The U.S. Food and Drug Administration (FDA) on Friday announced the approval of the vaccine Gardasil, manufactured by Merck Pharmaceuticals, for prevention of vaginal and vulva cancer caused by types 16 and 18 of the Human Papillomavirus (HPV).

These two types of HPV cause 70 percent of cervical cancers and are known to also cause some vaginal and vulvar cancers, although, the percentages are not defined, according to the FDA.

An estimated 20 million Americans carry HPV, not all of them develop into cancer. And about 5,000 women develop vaginal and vulva cancer each year.

An estimated 11,070 cases of cervical cancer will be diagnosed and 3,870 women will die this year in the United States, according to The American Cancer Society.

“There is strong evidence showing Gardasil can help prevent vaginal and vulvar cancers due to the same viruses it also helps protect against in cervical cancer,” said Jesse L. Goodman, MD., M.P.H., director of the FDA’s Center for Biologics Evaluation and research.

Gardasil Hype

The Gardasil vaccine has been the center of much debate and controversy. The New England Journal of Medicine and New York Times both recently called into question “if there is adequate evidence to support the routine use of the vaccine to protect against cervical cancer.”

The hype surrounding Gardasil, isn’t the sole result of extreme marketing measures by Merck, but rather the result of over-the-top promotional efforts by the American news media, according to a new report by a pro-business media watchdog group.

The report was collected by the Business Media Institute, a branch of the conservative watchdog group Media Research Center. At the very least, the report offers a thought provoking view on the media’s role in railing the profile of the vaccine.

The report cites many examples, including:

For “The Early Show” on CBS, on January 1, 2007, Dr.
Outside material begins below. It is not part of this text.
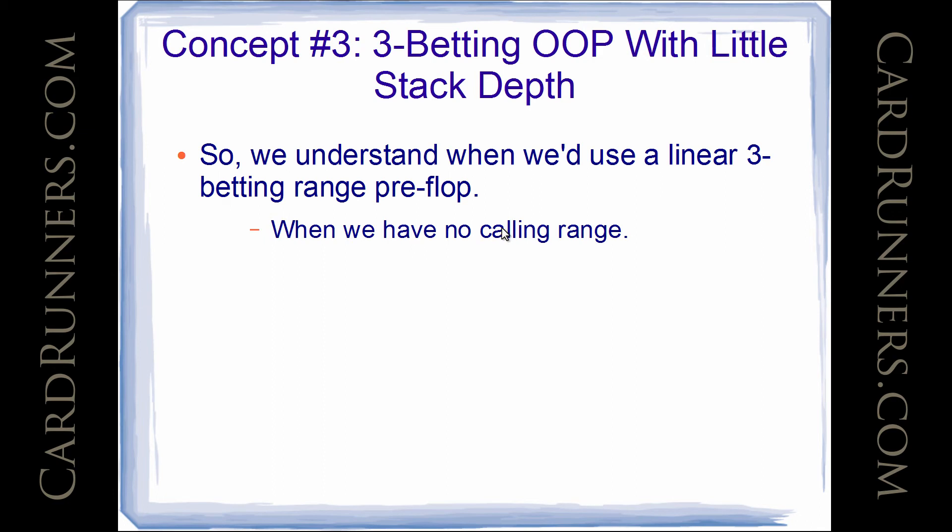If we have no calling range, then we wouldn't 3-bet a polarized range. A polarized range is like some really good stuff and some less good stuff. Well, if we have no calling range, we're just going to 3-bet only the best hands. That happens in some small blind spots in cash games — if button opens and I'm in the small blind, I don't have a calling range there because it's too vulnerable to the big blind squeezing, and it doesn't usually play well to be out of position multi-way. So I only 3-bet or fold in the small blind against a button open — that range is linear. I might as well just use all the good hands; it makes no sense to polarize it.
Emily Senay said that the “top medical breakthrough [of 2006] has to be the Gardasil cancer vaccine for cervical cancer.

On June 8, 2006 Brian Williams of NBC, called Gardasil a “triumph in medicine and science.” He referred to Gardasil as the “first cancer prevention vaccine” on December 28, 2006 urging parents to vaccinate their children.
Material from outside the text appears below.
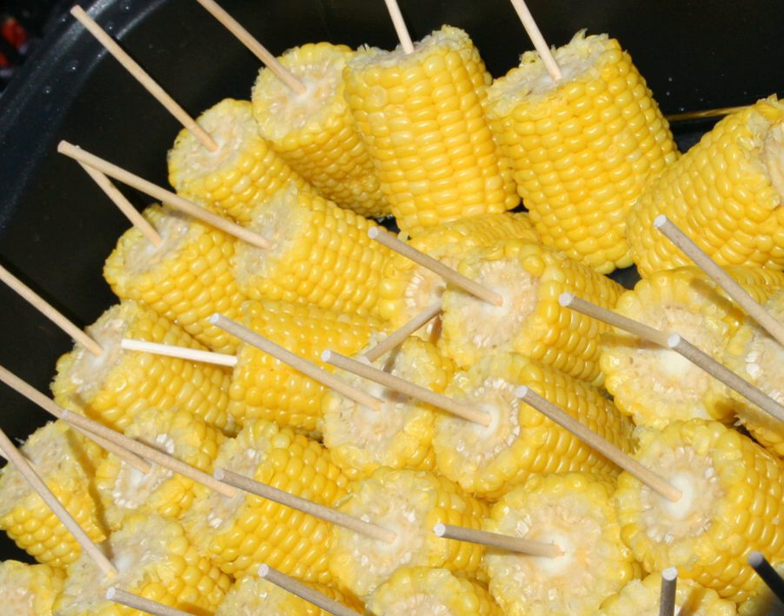Within a day of corn being picked it starts converting sugar into starch, which results in a reduction in the level of natural sweetness. Corn should be cooked and served the same day it has been harvested, as it takes only a single day for corn to lose up to 25% of its sweetness.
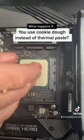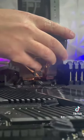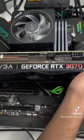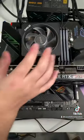What happens if you use cookie dough instead of thermal paste for your PC? This ends up being one of the coolest experiments I've ever done — and always remember, don't try this at home. Since the chocolate chips wouldn't allow the latch to close properly, we had to use a little bit of force to get it to stay shut.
Read the full report called “About-Face: Media Outlets Turn on ‘Cancer Vaccine’ Maker.”

The media flux has since turned against Gardasil, largely, because more information is now available regarding its use.

Gardasil Debate

A Flint teen has become part of the growing debate over the alleged effects from Gardasil.

TaQuaria Williams, 17, was featured in a CNN report last month sharing details of the illnesses she has been suffering after receiving just one dose of Gardasil in December.
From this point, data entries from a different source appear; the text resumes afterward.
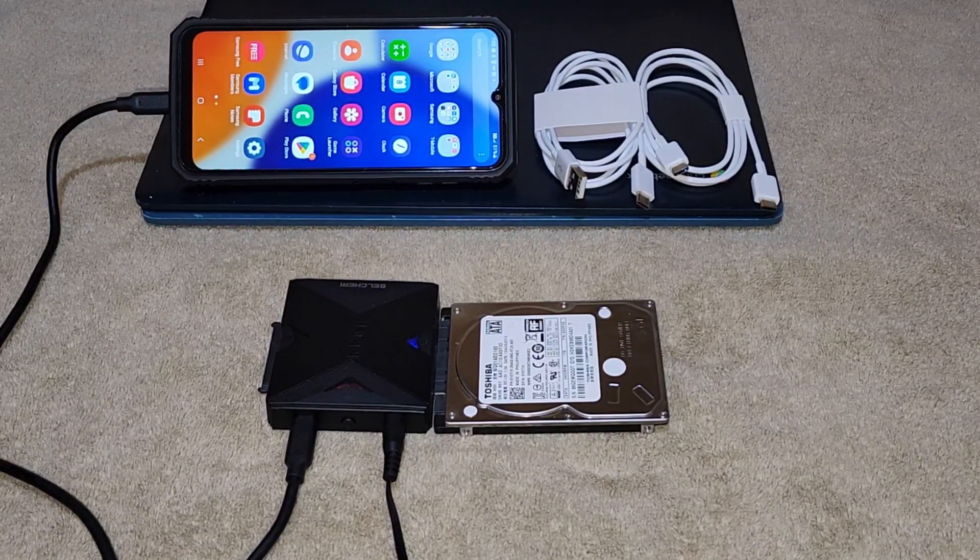Offline Clone Function. You can use the adapter to duplicate your hard drives without a computer. Simply connect the source HDD to S1 and the target HDD to S2.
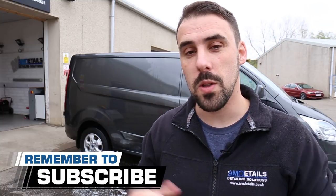Hey there guys, I'm Alan and welcome to AMDetails. We bring you car care and detailing related videos every week. Subscribe and make sure you smash that bell so you get a notification when we go live to answer your detailing questions.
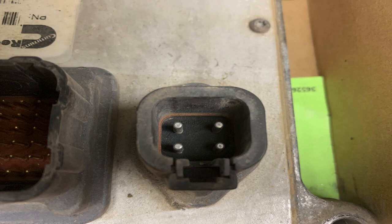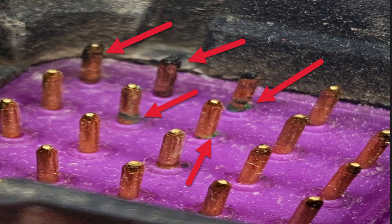We were going round and round. They had unplugged all the plugs, checked pin drag, and all that. Finally, after taking a very close look, we noticed some green on these pins. All the red arrows indicate pins that had corrosion on them. Some of them — the arrows towards the top — those pins were so corroded they had a black, heavy corrosion on top of the pin and all the way down.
According to TaQuaria’s father, Sammie White, she began having headaches and became irritable after getting the vaccine at a doctor’s urging.

By February, she had broken out with a rash over her body and her feet and hands were swollen due to poor circulation, her father said. She has also been diagnosed with a connective tissue disorder, which is a form of lupus.

According to her father, she has never been sick until now and she currently takes six to seven pills every day.

This isn’t an isolated case - the Gardasil debate is complicated and ongoing.

In another case, Christina Bell says she had seen ads for the vaccine so after consulting with her doctor she agreed to have her 12-year-old daughter, Brittany vaccinated.

Two months ago the Florida girl suddenly collapsed. Her mother says Brittany used to play softball and run cross country. Now she can't feel her legs.

The FDA approved Gardasil in June 2006, hailed as an important breakthrough in the fight against cancer for women.

Since its approval, however, the U.S. Centers for Disease Control and Prevention (CDC) has reported 6,667 incidents of adverse events occurring after vaccinations.

About 9 percent of reported cases were minor and included headaches and soreness. The remaining 6 percent were more serious and included hospitalization, a life-threatening illness, permanent disability and death.

Seventeen women have died after getting the shot, but no connection between the deaths and Gardasil could be formally established, according to the CDC.

More research needs to be done on the vaccine, says Barbara Loe Fisher, co-founder and president of the National Vaccine Information Center, a nonprofit educational organization that focuses on preventing vaccine related deaths and injuries.

The teen - who once excelled at academics - will not be starting her senior year of high school with the rest of her classmates.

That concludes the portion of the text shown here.